In fact, we can prove a stronger result and the proof is easier. The result we will prove is that $$x^2+x+1 \text{ divides }x^{3k+2} + x+1$$ for all $k \in \mathbb{N}$. Setting $x=2$ gives the result, you are looking for.
The proof follows immediately from the remainder theorem since $(x^2+x+1) = (x-\omega)(x-\omega^2)$, where $\omega$ is the complex cube-root of unity.
(Remember that $(x-a)$ divides $f(x)$ if and only if $f(x) = 0$)
Plugging in $\omega$ in $x^{3k+2}+x+1$ gives us $\omega^{3k+2} + \omega + 1 = \omega^2 + \omega + 1 = 0$. This gives us that $(x- \omega)$ divides $x^{3k+2}+x+1$.
Similarly, plugging in $\omega^2$ in $x^{3k+2}+x+1$ gives us $\omega^{6k+4} + \omega^2 + 1 = \omega + \omega^2 + 1 = 0$. This gives us that $(x- \omega^2)$ divides $x^{3k+2}+x+1$.
Hence, $(x-\omega)(x-\omega^2) = x^2 + x + 1$ divides $x^{3k+2}+x+1$.
Setting $x=2$ gives us the result you want i.e. $2^2 + 2 + 1 = 7$ divides $2^{3k+2}+2+1 = 2^{3k+2}+3$.
EDIT (Deleted the other answer and merged with this)
Another way to prove $x^2+x+1 \text{ divides }x^{3k+2} + x+1$ for all $k \in \mathbb{N}$ is by induction.
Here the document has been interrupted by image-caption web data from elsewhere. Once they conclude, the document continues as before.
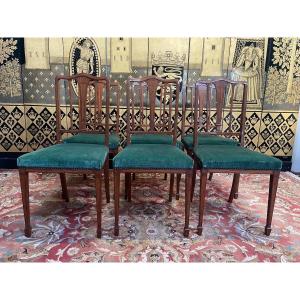 Suite Of 6 English Adam Style Chairs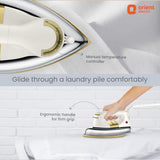 Electric iron with ergonomic handle and manual temperature controller, branded 'Orient Electric'.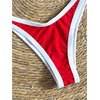 image:imageMakeMeChic Womens Micro Thong Bikini High Waisted Bikini Set Cheeky Swimsuit Bathing Suit SwimwearRed and White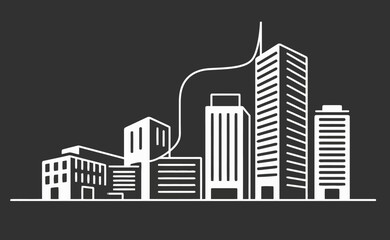 Obraz premium Simple black and white line drawing of a city skyline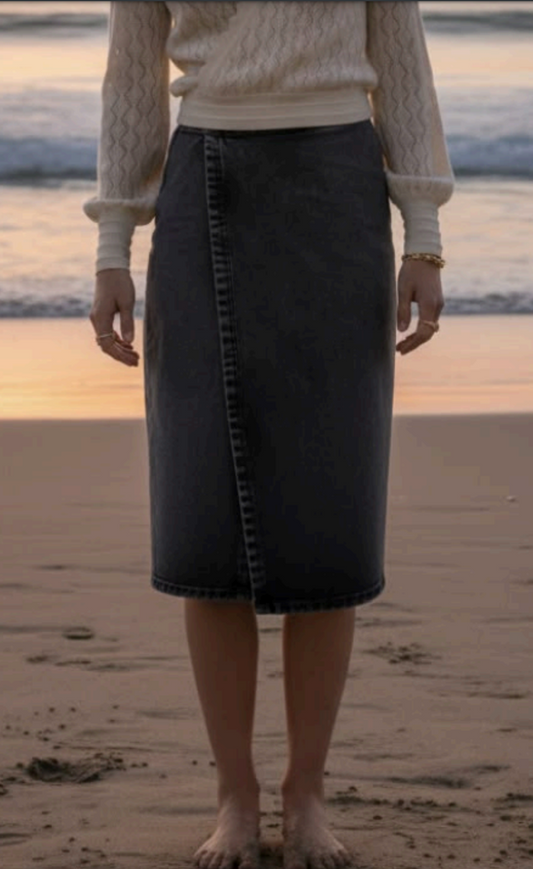 WESLYNN JADE DENIM WRAP SKIRT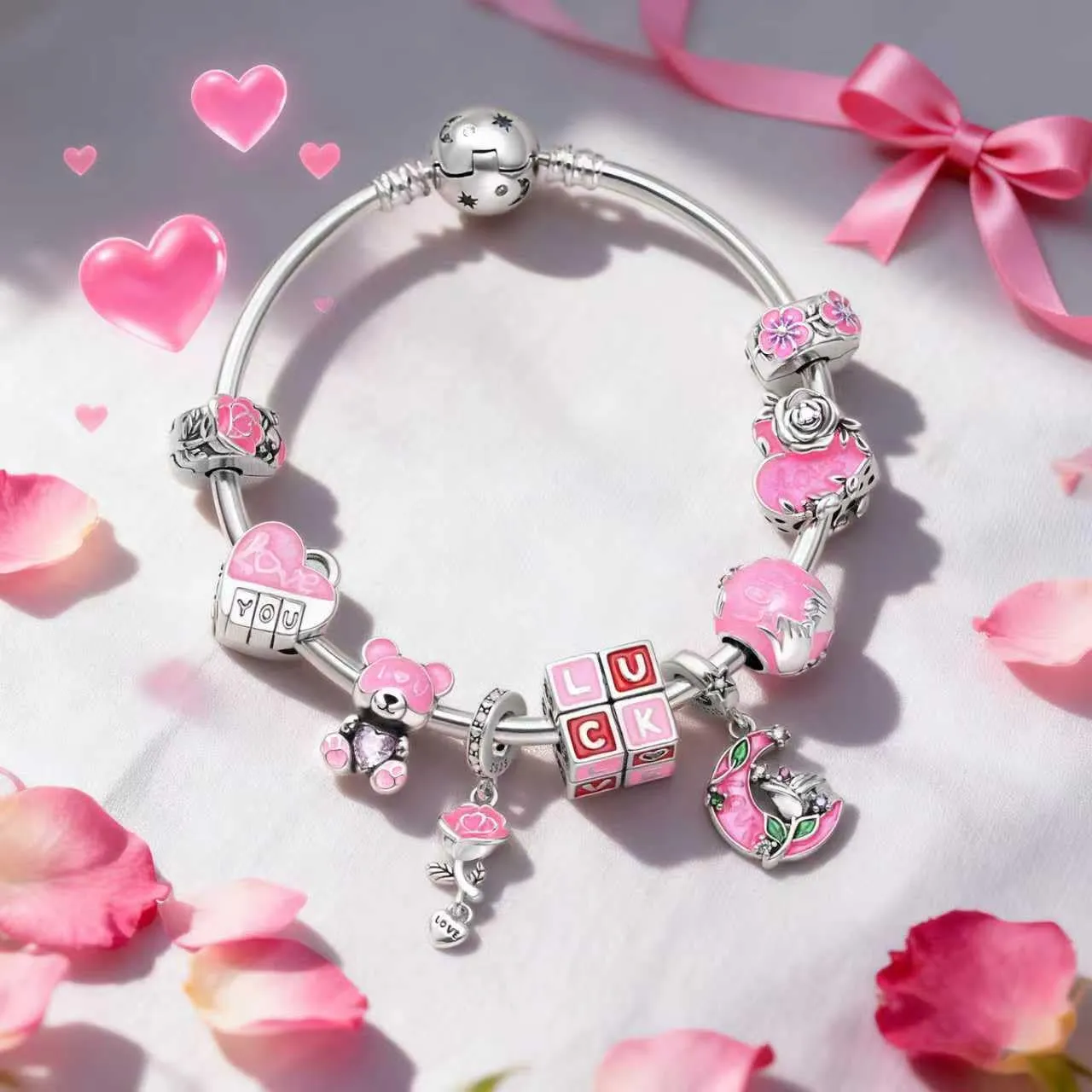HUIPOJUE Ciondolo in Argento Sterling S925 Fosforescente con Perla Rosa per Braccialetti e Collane Pandora - immagine 3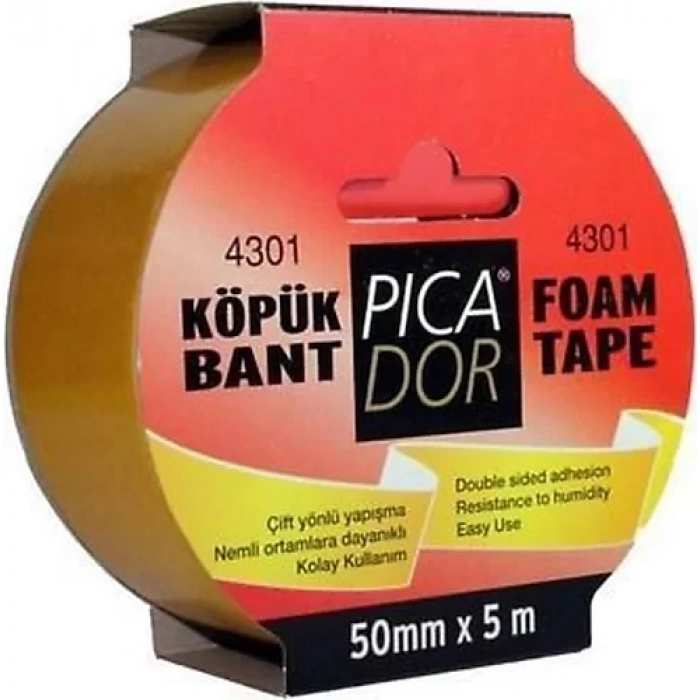 PICADOR ÇİFT TARAFLI BANT 4300 PE KÖPÜK HOTMELT Askılı   5mx50 mm KO 005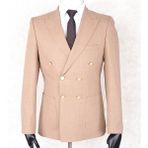 Jan Carlucci Yazlık Kruvaze -Yarım Astar- Metal Düğme Slimfit Drop 6 Ceket- Açık Somon Rengi - 56 - 6 Drop - Camel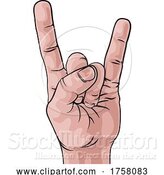 Vector Illustration of Music Heavy Metal Rock Hand Sign Pop Art by AtStockIllustration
All that is needed for induction is that $$x^{3k+5} + x + 1 = x^3 \left(x^{3k+2} + x + 1\right) - x^4 - x^3 +x + 1\\
= x^3 \left(x^{3k+2} + x + 1\right) - x^3 (x+1) +x + 1\\
= x^3 \left(x^{3k+2} + x + 1\right) - (x^3-1) (x+1)$$
So if $x^2 + x +1$ divides $\left(x^{3k+2} + x + 1\right)$, then it also divides $x^{3k+5} + x + 1$ since $x^2 + x +1$ divides $x^3-1$. Also, the base case $k=0$ is trivially true since $x^2 + x + 1$ divides $x^{3 \times 0 + 2} + x + 1 = x^{2} + x + 1$.
Hence, $x^2 + x + 1$ divides $x^{3k+5} + x + 1$ forall $k \in \mathbb{N}$. Setting $x=2$ as before gives you what you want.